Le débat politique À vous de juger s’est en effet déroulé en différé, les participants de s’étriper dans le champ des caméras hors de la vue des téléspectateurs. L’algarade a filtré dans la presse et sur Internet la veille au soir, donnant forcément l’eau à la bouche aux plus voyeurs d’entre eux. Pour autant, explique Daniel Cohn-Bendit le lendemain, le sujet, c’est l’Europe. Ceux qui rêvent de la présidence, ce n’est pas le 7 juin. Cet épisode malencontreux de l’émission devait-elle être absolument diffusée, ou n’aurait-il pas mieux valu couper au montage les insanités prononcées par les uns et les autres ? À vous de juger.

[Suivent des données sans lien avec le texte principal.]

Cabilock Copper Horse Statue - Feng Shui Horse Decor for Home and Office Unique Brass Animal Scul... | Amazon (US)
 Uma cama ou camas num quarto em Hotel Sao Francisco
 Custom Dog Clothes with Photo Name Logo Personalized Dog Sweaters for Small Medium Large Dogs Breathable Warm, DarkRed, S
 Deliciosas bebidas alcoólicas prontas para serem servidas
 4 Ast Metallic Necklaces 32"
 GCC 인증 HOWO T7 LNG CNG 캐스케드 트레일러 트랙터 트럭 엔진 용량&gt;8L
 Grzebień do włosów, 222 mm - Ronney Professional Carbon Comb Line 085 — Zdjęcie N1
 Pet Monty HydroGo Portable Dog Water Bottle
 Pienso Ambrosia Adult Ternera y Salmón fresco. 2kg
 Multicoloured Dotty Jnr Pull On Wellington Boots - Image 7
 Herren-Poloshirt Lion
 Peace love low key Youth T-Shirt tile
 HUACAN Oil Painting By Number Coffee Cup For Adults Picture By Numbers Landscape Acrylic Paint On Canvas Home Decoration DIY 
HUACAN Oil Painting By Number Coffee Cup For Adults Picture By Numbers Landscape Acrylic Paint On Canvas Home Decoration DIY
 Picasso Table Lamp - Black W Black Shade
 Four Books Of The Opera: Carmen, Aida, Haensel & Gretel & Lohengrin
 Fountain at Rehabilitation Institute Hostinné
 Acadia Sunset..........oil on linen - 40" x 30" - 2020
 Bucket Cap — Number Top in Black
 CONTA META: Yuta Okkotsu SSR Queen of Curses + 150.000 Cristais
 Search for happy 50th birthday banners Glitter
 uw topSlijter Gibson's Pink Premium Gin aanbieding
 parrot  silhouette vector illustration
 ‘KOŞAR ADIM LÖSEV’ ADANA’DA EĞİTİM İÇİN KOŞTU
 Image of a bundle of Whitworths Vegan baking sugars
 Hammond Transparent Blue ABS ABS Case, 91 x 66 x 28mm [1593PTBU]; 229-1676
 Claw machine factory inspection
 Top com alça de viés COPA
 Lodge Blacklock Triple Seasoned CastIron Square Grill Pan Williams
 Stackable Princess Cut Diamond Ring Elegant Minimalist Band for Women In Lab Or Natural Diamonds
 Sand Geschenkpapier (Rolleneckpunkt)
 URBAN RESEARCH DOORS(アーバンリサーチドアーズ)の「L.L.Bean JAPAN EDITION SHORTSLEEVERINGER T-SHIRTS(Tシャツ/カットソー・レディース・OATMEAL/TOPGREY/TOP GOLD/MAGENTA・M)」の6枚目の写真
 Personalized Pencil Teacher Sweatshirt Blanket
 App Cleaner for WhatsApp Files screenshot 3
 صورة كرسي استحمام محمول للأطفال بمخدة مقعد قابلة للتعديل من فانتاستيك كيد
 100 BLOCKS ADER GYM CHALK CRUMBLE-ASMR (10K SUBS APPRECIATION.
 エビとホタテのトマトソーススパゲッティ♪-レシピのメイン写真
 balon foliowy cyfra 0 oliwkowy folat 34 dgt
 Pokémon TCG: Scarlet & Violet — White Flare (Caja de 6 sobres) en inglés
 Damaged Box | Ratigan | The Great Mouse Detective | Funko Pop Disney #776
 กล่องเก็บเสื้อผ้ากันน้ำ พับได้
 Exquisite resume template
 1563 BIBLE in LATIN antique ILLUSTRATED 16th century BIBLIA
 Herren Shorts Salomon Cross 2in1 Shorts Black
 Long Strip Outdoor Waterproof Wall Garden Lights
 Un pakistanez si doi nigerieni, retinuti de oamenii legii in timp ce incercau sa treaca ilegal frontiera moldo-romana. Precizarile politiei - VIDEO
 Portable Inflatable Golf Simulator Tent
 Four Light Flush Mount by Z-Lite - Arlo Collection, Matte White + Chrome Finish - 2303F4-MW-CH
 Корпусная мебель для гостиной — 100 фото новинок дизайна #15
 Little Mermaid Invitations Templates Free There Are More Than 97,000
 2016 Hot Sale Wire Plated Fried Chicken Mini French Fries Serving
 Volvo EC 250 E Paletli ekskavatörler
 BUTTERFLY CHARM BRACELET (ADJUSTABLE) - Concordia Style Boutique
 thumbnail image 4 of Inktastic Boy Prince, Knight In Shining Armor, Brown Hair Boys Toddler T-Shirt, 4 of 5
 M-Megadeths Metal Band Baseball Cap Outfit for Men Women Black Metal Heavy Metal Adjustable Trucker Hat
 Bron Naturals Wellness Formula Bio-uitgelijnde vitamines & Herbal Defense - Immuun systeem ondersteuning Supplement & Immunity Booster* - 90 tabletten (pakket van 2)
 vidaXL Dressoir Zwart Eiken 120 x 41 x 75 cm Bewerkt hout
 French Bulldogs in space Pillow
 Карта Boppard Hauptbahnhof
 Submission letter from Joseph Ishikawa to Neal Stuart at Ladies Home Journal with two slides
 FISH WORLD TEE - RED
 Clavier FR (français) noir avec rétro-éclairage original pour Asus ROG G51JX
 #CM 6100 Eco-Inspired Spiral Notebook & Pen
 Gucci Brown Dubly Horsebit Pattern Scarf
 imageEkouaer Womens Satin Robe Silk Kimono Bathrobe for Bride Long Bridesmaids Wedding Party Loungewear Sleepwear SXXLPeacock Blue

Je n’ai jamais vu ça, confie Arlette Chabot à l’hebdomadaire Le Point : c’est la culture banlieue qui entre dans le débat politique. Tous les coups sont permis, estime cette journaliste pourtant rompue depuis des décennies à l’animation de débats. Vendredi, plusieurs personnes mettent en cause la responsabilité de la responsable du service politique de la chaîne de service public dans ce dérapage malheureux. Jean-Luc Mélenchon, tête de liste du Front de Gauche aux élections européennes dans le Sud-Ouest, accuse Arlette Chabot d’avoir organisé le débat télévisé sur France2 de telle manière qu’il a tourné à la foire d’empoigne entre les 8 ténors invités.

Elle était comme une boule dans un flipper, a-t-il raconté après coup, jugeant sans doute que la journaliste est toute émoustillée d’avoir réussi un bon coup médiatique. Pour Bruno Roger-Petit, rédacteur en chef sur Le Post, il s’agit d’un coup monté : je pensais que le débat serait égal. Même dispositif pour tout le monde, égalité de traitement, de temps de parole... Hélas ! J’avais oublié que sur France2, on ne rigole pas avec la politique… Il raconte comment Arlette Chabot a distribué les rôles entre les différents invités, avant d’organiser une confrontation entre François Bayrou et Daniel Cohn-Bendit :

Dès la veille, Bayrou avait fait savoir qu’il comptait bien se payer Cohn-Bendit et dénoncer sa supposée collusion avec le chef de l’Etat. Arlette Chabot et ses sbires ne pouvaient pas ne pas le savoir. Ce qui signifie qu’en organisant la table spéciale Bayrou-Cohn-Bendit, ils ont créé le théâtre où le pire ne pouvait que se produire. Ils se sont conduits comme les complices objectifs de Bayrou, écrit Bruno Roger-Petit. Au vu des réactions qui se sont exprimées après l’émission, pendant que les techniciens s’affairaient au montage, Arlette Chabot aurait pu nous éviter ce pénible incident.